Bloom removes traditional mismatches between distributed software and platforms, enabling powerful coding and code analysis without resorting to exotic syntax.

Some key features of Bloom:
  1. disorderly programming: Traditional languages like Java and C are based on the von Neumann model, where a program counter steps through individual instructions in order. Distributed systems don’t work like that. Much of the pain in traditional distributed programming comes from this mismatch:  programmers are expected to bridge from an ordered programming model into a disordered reality that executes their code.  Bloom was designed to match–and exploit–the disorderly reality of distributed systems.  Bloom programmers write programs made up of unordered collections of statements, and are given constructs to impose order when needed.
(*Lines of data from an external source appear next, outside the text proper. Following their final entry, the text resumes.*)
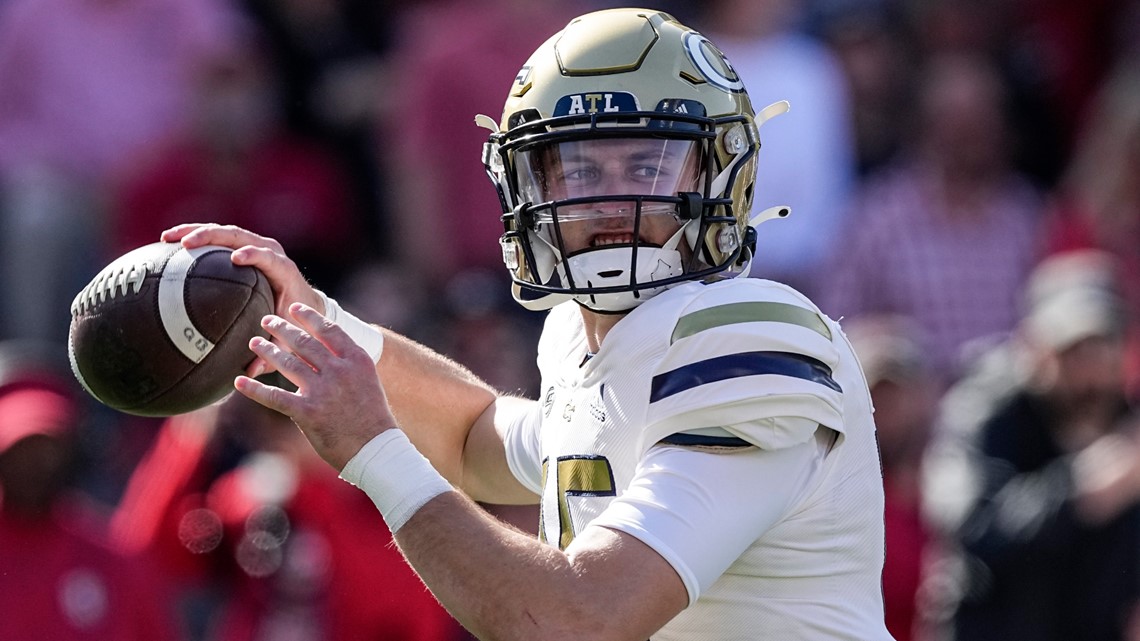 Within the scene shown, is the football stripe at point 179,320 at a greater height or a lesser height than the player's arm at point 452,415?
greater

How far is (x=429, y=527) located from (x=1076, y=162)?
5.90m

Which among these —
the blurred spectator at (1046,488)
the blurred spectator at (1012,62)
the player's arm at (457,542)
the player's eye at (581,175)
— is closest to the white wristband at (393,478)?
the player's arm at (457,542)

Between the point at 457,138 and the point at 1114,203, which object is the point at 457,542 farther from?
the point at 1114,203

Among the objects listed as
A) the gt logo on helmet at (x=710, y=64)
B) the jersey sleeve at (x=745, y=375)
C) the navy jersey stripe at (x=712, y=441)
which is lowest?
the navy jersey stripe at (x=712, y=441)

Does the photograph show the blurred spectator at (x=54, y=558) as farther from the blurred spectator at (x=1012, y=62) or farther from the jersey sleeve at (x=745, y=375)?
the blurred spectator at (x=1012, y=62)

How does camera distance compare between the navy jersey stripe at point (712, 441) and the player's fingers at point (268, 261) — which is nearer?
the navy jersey stripe at point (712, 441)

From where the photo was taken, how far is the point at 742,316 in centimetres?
275

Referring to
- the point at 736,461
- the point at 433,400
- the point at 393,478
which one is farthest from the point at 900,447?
the point at 393,478

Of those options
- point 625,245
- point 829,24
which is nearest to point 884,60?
point 829,24

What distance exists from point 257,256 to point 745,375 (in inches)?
37.5

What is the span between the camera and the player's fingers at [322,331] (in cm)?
273

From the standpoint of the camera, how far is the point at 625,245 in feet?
9.62

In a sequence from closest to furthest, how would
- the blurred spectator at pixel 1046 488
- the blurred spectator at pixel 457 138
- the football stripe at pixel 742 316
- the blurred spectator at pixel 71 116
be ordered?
the football stripe at pixel 742 316 → the blurred spectator at pixel 1046 488 → the blurred spectator at pixel 71 116 → the blurred spectator at pixel 457 138

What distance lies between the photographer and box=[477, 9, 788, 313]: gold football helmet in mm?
2963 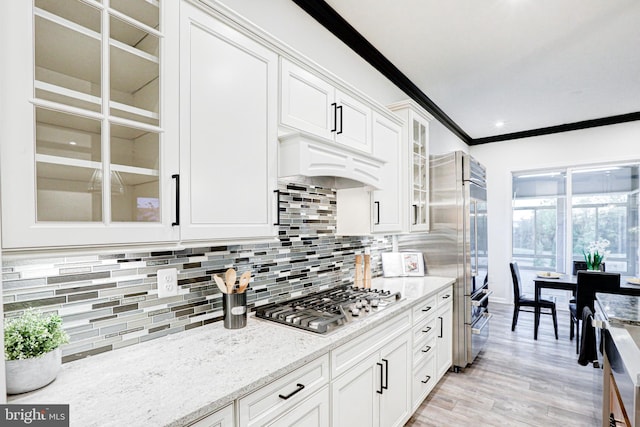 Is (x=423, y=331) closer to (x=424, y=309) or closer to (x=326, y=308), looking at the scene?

  2. a collected approach: Taking a cue from successfully-parallelized models like MapReduce, SQL, and Key/Value stores, the standard data structures in Bloom are disorderly collections, rather than scalar variables and structures. These data structures reflect the realities of non-deterministic ordering inherent in distributed systems. Bloom provides simple, familiar syntax for manipulating these structures. In the Bud prototype, much of this syntax comes straight from Ruby, with a taste of MapReduce and SQL.
  3. CALM consistency: Bloom enables powerful compiler analysis techniques based on the CALM principle to reason about the consistency of distributed code. Bud includes program analysis tools that can point out precise points of order in your program: lines of code where a coordination library should be plugged in if you want to ensure distributed consistency.
  4. concise, familiar code: Bloom is a very high-level language, designed to ensure that distributed code can be structured for the realities of distributed systems.  As a result, Bloom programs tend to be far smaller (often orders of magnitude smaller) than equivalent programs in traditional imperative languages.